For 13 years, the DVTA has been serving valley seniors and disabled residents with free door-to-door transportation to shopping destinations, adult day care, and medical appointments.
According to special programs manager Jan Terk, who has been running the program since its inception, bringing a group to an activity or meal is often an easier task than helping an individual to a specific medical appointment. That is why the DVTA is always looking for volunteers who want to help their neighbors.
Funded by a grant from the Vermont Agency of Transportation, the elderly and disabled transportation service covers Readsboro, Halifax, Whitingham, Wilmington, Dover, and Wardsboro, and provides daily rides to congregate meal sites in Jacksonville, Halifax, and Readsboro. Other services include shopping trips to Bennington, and daily service to the Gathering Place adult center in Brattleboro. Rides to medical appointments are also provided by volunteer drivers in their own cars, tailored to the individual needs of the rider.
Terk says this volunteer service is special in that it recognizes the unpredictability of medical appointments. “Most folks who are going to the doctor are going in one direction while another person needs to go in another direction, maybe one to Brattleboro and one to Bennington, and it’s generally folks who need door-to-door service,” said Terk.

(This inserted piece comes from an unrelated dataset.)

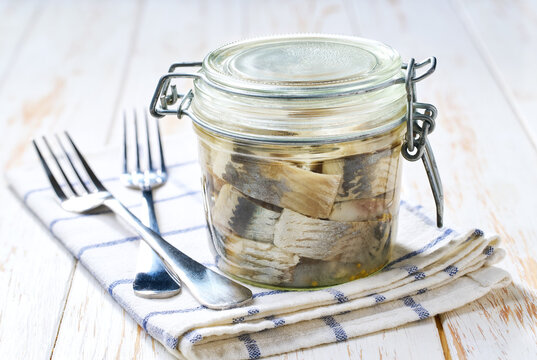 Marinated herring in a jar with herbs on a white table, selective focus. Herring marinated with oil and salt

The service takes people to local appointments as well as appointments at North Adams Regional Hospital, and as far away as Dartmouth Hitchcock Medical Center and Albany Medical Center. Terk says the two programs served around 75 people in 2012, and at least half of those were served by a volunteer driver.
According to Terk, having both the van program for groups and individual drivers also makes sense economically. “We can bring folks to meals and gatherings with vans efficiently because there are a lot of folks on board. With the medical trips, they are individuals going in all different directions so really the best economical way to do it, the best way to stretch our dollars as far as they can go, is with volunteers.” Terk also said volunteers are reimbursed for their mileage.
While winter is a slower season for the program, Terk says that improving weather increases the demand for rides, and because volunteer drivers come and go seasonally, the DVTA would like to add at least a dozen more drivers. The more drivers the DVTA has, the more availability and flexible time frames are available for their patrons.
Terk was specifically hired to run the elderly and disabilities program, and says it is gratifying to help such a widespread collection of valley residents. “It serves our neighbors” said Terk. “Some have no other way, or have a difficult time getting to doctor appointments. It’s rewarding work.”
The program began with just a few volunteers over the first few years and now has about a dozen.